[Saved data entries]

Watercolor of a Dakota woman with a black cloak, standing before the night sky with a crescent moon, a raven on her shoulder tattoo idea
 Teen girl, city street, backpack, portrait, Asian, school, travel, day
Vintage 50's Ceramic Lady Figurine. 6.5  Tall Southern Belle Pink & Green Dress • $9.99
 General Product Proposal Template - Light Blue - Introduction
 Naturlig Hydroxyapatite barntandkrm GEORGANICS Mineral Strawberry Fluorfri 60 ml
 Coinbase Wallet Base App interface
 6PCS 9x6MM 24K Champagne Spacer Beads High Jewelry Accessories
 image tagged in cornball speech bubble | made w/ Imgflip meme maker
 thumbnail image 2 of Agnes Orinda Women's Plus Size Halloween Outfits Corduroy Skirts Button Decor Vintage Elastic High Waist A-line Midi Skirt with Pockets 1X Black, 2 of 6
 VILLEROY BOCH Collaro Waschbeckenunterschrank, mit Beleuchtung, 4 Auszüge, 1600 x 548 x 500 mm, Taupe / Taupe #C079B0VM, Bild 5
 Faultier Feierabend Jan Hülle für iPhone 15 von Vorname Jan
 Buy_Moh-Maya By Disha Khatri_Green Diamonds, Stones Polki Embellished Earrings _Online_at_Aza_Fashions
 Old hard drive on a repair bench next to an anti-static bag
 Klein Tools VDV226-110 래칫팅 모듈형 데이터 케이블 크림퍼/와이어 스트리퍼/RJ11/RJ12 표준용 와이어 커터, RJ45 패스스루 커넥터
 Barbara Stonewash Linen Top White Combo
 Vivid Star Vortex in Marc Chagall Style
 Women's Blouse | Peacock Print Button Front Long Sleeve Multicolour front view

### THE TASK
For every entry in the records above, write an exact copy.

### RESULT
Watercolor of a Dakota woman with a black cloak, standing before the night sky with a crescent moon, a raven on her shoulder tattoo idea
 Teen girl, city street, backpack, portrait, Asian, school, travel, day
Vintage 50's Ceramic Lady Figurine. 6.5  Tall Southern Belle Pink & Green Dress • $9.99
 General Product Proposal Template - Light Blue - Introduction
 Naturlig Hydroxyapatite barntandkrm GEORGANICS Mineral Strawberry Fluorfri 60 ml
 Coinbase Wallet Base App interface
 6PCS 9x6MM 24K Champagne Spacer Beads High Jewelry Accessories
 image tagged in cornball speech bubble | made w/ Imgflip meme maker
 thumbnail image 2 of Agnes Orinda Women's Plus Size Halloween Outfits Corduroy Skirts Button Decor Vintage Elastic High Waist A-line Midi Skirt with Pockets 1X Black, 2 of 6
 VILLEROY BOCH Collaro Waschbeckenunterschrank, mit Beleuchtung, 4 Auszüge, 1600 x 548 x 500 mm, Taupe / Taupe #C079B0VM, Bild 5
 Faultier Feierabend Jan Hülle für iPhone 15 von Vorname Jan
 Buy_Moh-Maya By Disha Khatri_Green Diamonds, Stones Polki Embellished Earrings _Online_at_Aza_Fashions
 Old hard drive on a repair bench next to an anti-static bag
 Klein Tools VDV226-110 래칫팅 모듈형 데이터 케이블 크림퍼/와이어 스트리퍼/RJ11/RJ12 표준용 와이어 커터, RJ45 패스스루 커넥터
 Barbara Stonewash Linen Top White Combo
 Vivid Star Vortex in Marc Chagall Style
 Women's Blouse | Peacock Print Button Front Long Sleeve Multicolour front view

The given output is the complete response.